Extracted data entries
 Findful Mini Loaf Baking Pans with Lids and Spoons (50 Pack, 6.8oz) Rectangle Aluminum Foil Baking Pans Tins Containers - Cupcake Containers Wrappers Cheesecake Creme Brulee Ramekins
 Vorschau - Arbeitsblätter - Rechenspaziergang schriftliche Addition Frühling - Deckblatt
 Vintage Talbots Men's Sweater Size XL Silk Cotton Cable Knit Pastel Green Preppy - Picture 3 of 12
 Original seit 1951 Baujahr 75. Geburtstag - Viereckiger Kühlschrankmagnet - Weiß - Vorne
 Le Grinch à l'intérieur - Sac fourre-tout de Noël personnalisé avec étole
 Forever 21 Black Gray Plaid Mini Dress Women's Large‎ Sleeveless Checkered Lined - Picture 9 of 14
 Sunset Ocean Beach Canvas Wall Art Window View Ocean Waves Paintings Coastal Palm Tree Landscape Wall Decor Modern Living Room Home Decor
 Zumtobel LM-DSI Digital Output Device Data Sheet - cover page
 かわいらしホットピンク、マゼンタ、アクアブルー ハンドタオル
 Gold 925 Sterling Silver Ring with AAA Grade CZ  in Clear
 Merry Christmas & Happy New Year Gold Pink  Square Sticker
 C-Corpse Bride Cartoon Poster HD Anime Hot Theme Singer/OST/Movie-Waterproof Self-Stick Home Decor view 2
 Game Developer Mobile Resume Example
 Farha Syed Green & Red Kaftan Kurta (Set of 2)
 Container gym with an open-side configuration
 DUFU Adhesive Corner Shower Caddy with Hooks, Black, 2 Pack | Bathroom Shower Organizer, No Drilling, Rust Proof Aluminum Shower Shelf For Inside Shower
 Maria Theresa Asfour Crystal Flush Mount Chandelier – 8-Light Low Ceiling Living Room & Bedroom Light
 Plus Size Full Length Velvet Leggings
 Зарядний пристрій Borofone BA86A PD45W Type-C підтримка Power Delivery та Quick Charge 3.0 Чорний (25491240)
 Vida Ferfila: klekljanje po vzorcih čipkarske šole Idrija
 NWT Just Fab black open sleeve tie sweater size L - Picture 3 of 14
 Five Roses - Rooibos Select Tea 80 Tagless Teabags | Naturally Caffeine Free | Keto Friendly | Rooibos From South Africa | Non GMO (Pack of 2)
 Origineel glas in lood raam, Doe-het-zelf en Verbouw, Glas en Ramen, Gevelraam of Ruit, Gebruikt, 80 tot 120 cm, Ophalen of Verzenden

**Assigned task**: Every line in the data that holds the string "Living" should be returned.

**Response for this exercise**:
 Sunset Ocean Beach Canvas Wall Art Window View Ocean Waves Paintings Coastal Palm Tree Landscape Wall Decor Modern Living Room Home Decor
 Maria Theresa Asfour Crystal Flush Mount Chandelier – 8-Light Low Ceiling Living Room & Bedroom Light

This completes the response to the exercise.